Adult gypsy moths live only about a week, and their sole aim is to mate.  The large female will attract a male with a powerful pheromone.  (One environmentally-friendly way to combat an infestation from year to year is to decoy the males with synthetic pheromone, which is specific to this one species.)   A single female will lay perhaps five hundred eggs in a patch covered with peach-colored fuzz on tree trunks, rocks or other surfaces.  The eggs overwinter and hatch in spring.  The tiny caterpillars then disperse on silken threads like the baby spiders at the end of Charlotte's Web.

What signals the caterpillars to pupate?  Do they need to reach a certain size, or begin to run short of food, or is there a certain triggering temperature, or a certain day length?  Since the adults live such a short time, whatever the trigger is should be experienced at about the same time by all the caterpillars in one region-- anything more idiosyncratic would spread out pupation and leave early and late moths at risk of finding no one to mate with.  

What will next year bring?  I may invest in some BT (Bacillus thuringiensis) bacterial insecticide and a sprayer.  I know from experience that a little hand-pump sprayer can't reach the tops of tall trees, but it's something to try.

UPDATE: my son spotted moths laying eggs right in our yard the next day.  

 The mate for one of the females is still there.

 I wouldn't imagine white would make sense as protective coloration,
but it seems to work for these moths.  (At least until they begin laying eggs.)

 Spotted a female just emerged in a white oak.  I guess pupation is about done; lots of males fluttering about.
 

Saturday, July 2, 2016

What do Gypsy Moth caterpillars like to eat?

Given that most caterpillars don't travel very far from where they were born, a better question might be: "what trees do gypsy moths lay their eggs on?  I suppose, since the female moths are flightless, these might amount to the same question after all!  Only in the last week or so have the local papers been really interested in the outbreak--possibly the worst in southern New England since 1981.  Of course, now the damage is done, and caterpillars are about ready to pupate.  We will be dealing with the moths in a few weeks.  

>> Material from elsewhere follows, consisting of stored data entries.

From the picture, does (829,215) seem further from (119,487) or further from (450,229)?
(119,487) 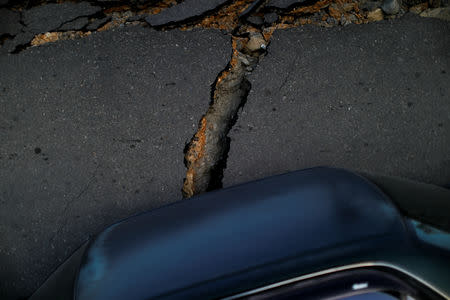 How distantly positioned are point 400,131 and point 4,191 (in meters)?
3.03

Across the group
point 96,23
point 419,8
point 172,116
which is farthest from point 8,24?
point 419,8

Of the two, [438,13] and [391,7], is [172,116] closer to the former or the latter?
[391,7]

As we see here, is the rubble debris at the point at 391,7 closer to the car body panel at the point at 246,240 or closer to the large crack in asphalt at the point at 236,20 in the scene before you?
the large crack in asphalt at the point at 236,20

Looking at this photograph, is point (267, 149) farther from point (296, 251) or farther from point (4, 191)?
point (4, 191)

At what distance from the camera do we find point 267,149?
291cm

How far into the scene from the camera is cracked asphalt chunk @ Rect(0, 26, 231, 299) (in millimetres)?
2832

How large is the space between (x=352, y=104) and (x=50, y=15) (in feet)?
8.20

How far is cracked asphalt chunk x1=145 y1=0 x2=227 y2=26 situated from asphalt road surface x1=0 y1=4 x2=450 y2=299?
0.09 metres

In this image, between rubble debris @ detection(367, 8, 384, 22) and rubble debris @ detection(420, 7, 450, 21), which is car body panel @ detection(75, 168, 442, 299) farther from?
rubble debris @ detection(420, 7, 450, 21)

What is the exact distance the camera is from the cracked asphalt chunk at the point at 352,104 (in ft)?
9.46

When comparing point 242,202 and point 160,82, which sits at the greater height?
point 160,82

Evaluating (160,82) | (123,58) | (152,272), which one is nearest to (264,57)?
(160,82)

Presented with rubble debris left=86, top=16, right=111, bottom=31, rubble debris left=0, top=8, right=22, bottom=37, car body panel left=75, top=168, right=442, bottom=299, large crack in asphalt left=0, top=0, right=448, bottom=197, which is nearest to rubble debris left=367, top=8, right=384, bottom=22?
large crack in asphalt left=0, top=0, right=448, bottom=197

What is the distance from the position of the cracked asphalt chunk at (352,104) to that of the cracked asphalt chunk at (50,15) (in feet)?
5.04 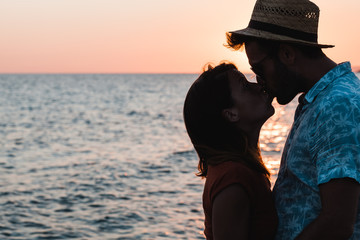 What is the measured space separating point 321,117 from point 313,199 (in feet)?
1.38

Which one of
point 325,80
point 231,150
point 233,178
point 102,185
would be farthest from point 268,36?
point 102,185

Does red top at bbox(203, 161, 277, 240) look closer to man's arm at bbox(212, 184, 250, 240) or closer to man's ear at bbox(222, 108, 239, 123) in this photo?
man's arm at bbox(212, 184, 250, 240)

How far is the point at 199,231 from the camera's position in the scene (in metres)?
10.5

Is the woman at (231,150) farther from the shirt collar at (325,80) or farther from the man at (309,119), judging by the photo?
the shirt collar at (325,80)

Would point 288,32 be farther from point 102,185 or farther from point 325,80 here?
point 102,185

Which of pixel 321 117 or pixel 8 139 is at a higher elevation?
pixel 321 117

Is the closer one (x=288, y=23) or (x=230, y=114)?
(x=288, y=23)

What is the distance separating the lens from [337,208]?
217cm

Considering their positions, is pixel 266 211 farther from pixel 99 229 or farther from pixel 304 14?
pixel 99 229

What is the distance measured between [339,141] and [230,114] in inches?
28.4

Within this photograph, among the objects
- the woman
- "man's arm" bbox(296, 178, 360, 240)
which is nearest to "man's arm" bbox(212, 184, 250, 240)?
the woman

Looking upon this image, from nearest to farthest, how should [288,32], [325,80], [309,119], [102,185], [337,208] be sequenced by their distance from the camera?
1. [337,208]
2. [309,119]
3. [325,80]
4. [288,32]
5. [102,185]

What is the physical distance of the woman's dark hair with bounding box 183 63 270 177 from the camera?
270 centimetres

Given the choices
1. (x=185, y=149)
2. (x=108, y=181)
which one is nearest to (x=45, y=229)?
(x=108, y=181) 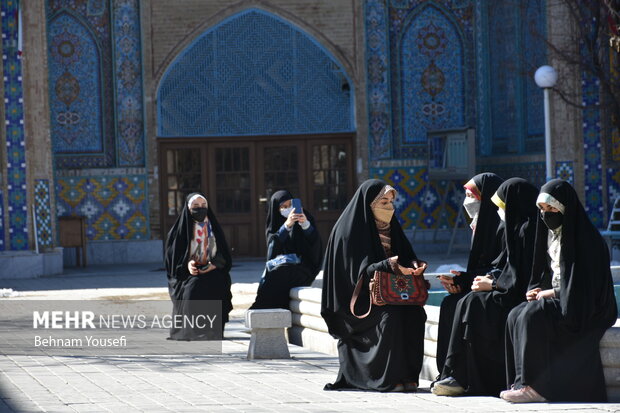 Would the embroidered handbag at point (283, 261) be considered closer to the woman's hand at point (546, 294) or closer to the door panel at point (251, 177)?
the woman's hand at point (546, 294)

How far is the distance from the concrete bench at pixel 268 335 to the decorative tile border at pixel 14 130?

 (I remember having, as an undergraduate, the surreal experience of hearing the patter of raindrops (really frass) in bright sunshine where no sunshine should reach: the middle of an oak forest.)  Here, at least, the damage does not compare to that of 1981.  

This witchhazel has been hit pretty hard.  This is the only individual 
of this native shrub I know nearby, so its hard to say how general the damage is.

White oak is supposed to be a caterpillar favorite, but damage seems to be moderate here.  
But this may be mere appearance: white oak can put out a new suit of leaves pretty fast

The river birches have been hit pretty hard, but are recovering.

Black oak has suffered at least as much damage as white oak, and is at least as heavily infested.

The big surprise to me: I didn't see any damage to white pines, but suddenly there are tons of caterpillar cocoons in one neighborhood tree; maybe the damage is too high up to be easily visible.

Some trees appear to have suffered little damage.  (Appearances can be misleading: sometimes a tree looks good because it is able to produce new leaves as fast as caterpillars eat them.)

What do Gypsy Moth caterpillars not like?  

 

They appear to have no use for white ash.  Most ashes around the neighborhood
have leaves in pristine condition.  I haven't seen caterpillars in any ash trees. 

 Pignut and shagbark hickories are also mostly in very good shape.

 Quaking aspen suffered some damage early on, but has mostly recovered.